### Problem requirements
Exact reproduction is required for the lines below starting at the line with "Czwarte zdjęcie samochodu" and ending at the line with "work photo from Google listing", both included. No other lines, and no pictures.

### Input data
^^^^

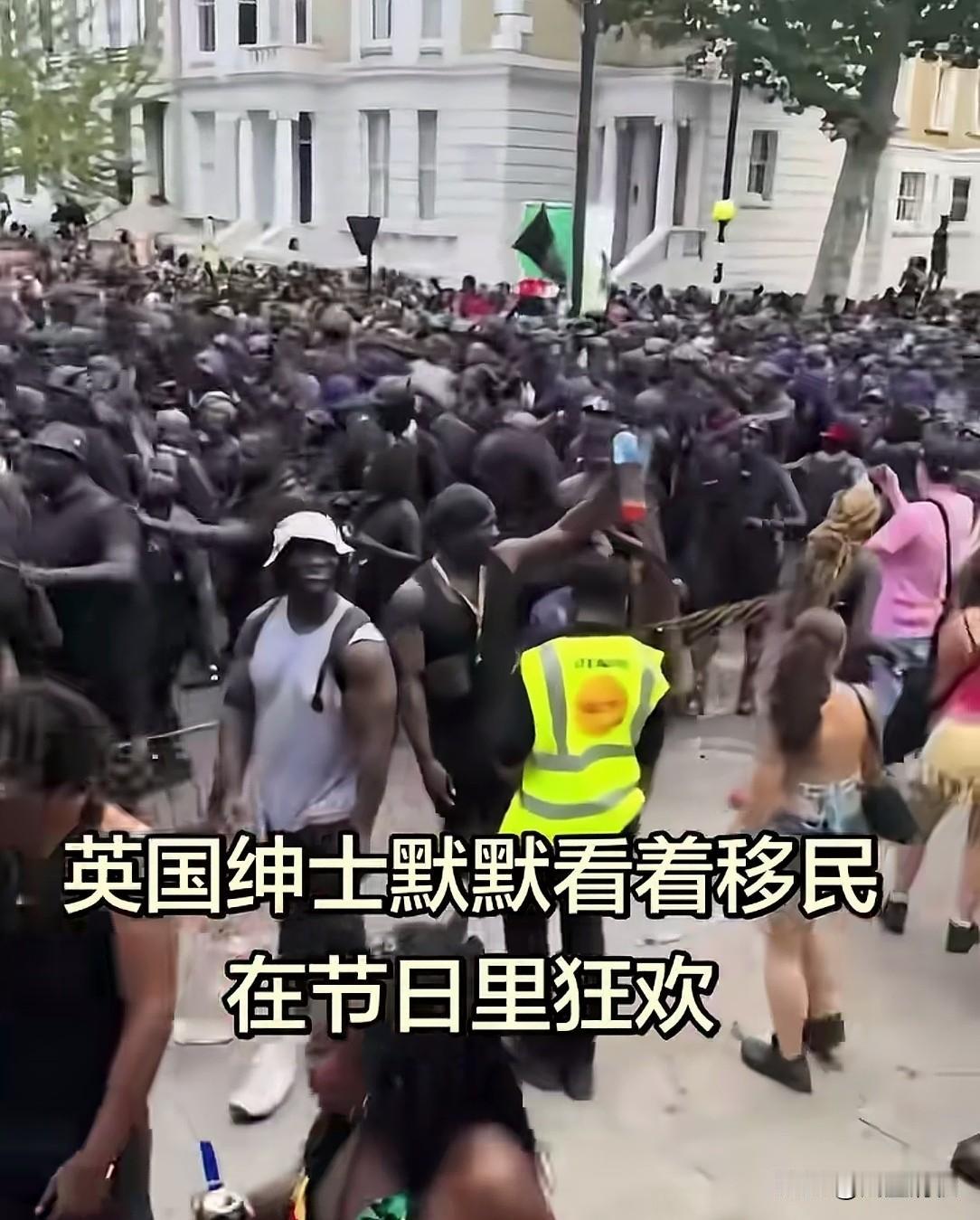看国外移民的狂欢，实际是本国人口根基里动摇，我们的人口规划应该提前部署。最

^^^^

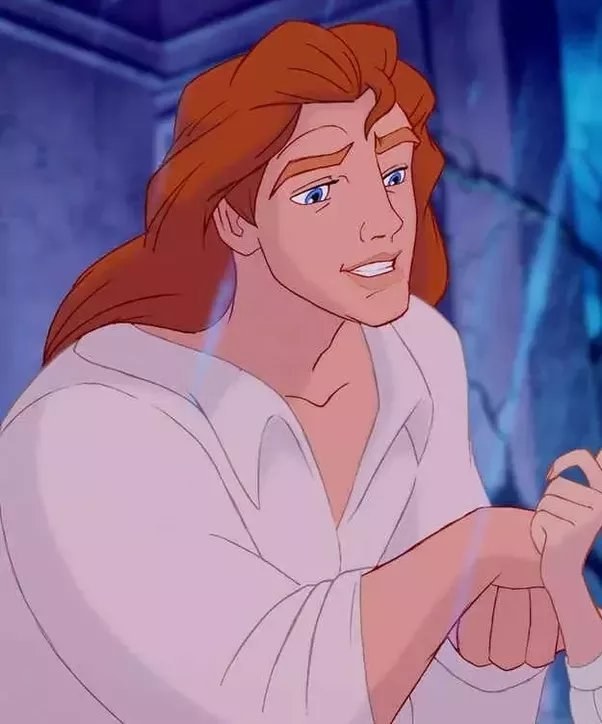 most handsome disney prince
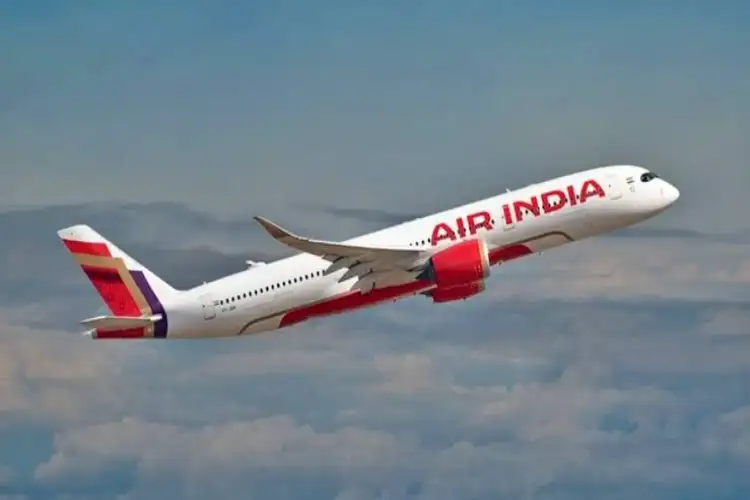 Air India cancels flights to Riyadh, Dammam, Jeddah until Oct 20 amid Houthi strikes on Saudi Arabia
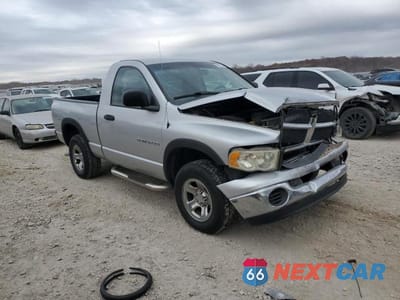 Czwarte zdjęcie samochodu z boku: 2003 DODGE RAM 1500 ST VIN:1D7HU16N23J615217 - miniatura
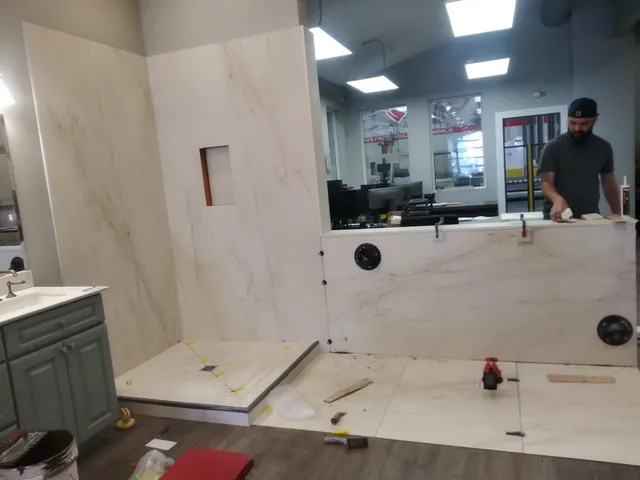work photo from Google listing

^^^^

### Completed task
 Czwarte zdjęcie samochodu z boku: 2003 DODGE RAM 1500 ST VIN:1D7HU16N23J615217 - miniatura
work photo from Google listing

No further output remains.